King Of Ireland, The Problem of Othniel, and Biblical Hermeneutics

At American Creation, my co-blogger King of Ireland has a good post that responds to me and Dr. Gregg Frazer and puts much on the table.

Let me sort some of this out. First there are differences among the personal religious convictions of Jon Rowe, Gregg Frazer, Joe Winpisinger (aka KOI) and John Calvin. Further, the Bible says what it says regardless.

We need to keep that in mind because I see KOI sometimes improperly conflating these things.

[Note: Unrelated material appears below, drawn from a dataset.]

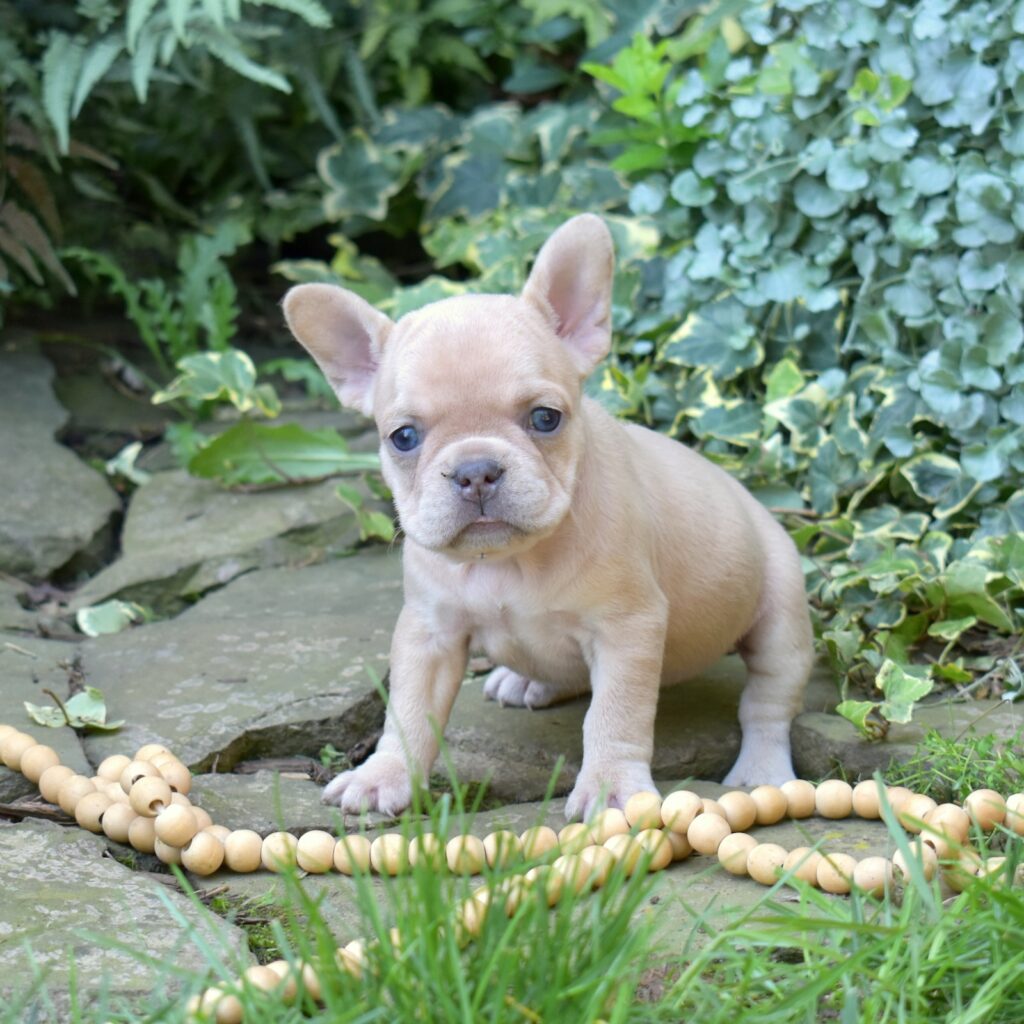 lilac frenchies for sale near me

Gregg Frazer's notion that submission to government is absolute (even if it's Hitler or Stalin), obedience is conditioned on not sinning against God while doing your best to obey the civil magistrate, is NOT derived from John Calvin's authority, but from the Bible's alone (or, if you will, how Dr. Frazer understands the Bible as the inerrant infallible Word of God).

Likewise, Calvin asserted his teachings were derived from the Bible alone. And indeed, what Calvin believes and what Frazer believes sometimes strikingly parallel. But to (supposedly) find a flaw or contradiction in Calvin's understanding of the Bible is not to find a flaw in Frazer's. Indeed, Dr. Frazer believes in only four of five of Calvin's points. And, surprise, it's because Frazer says the Bible disagrees with Calvin's notion of limited atonement (the L in Calvin's TULIP) that Frazer rejects it.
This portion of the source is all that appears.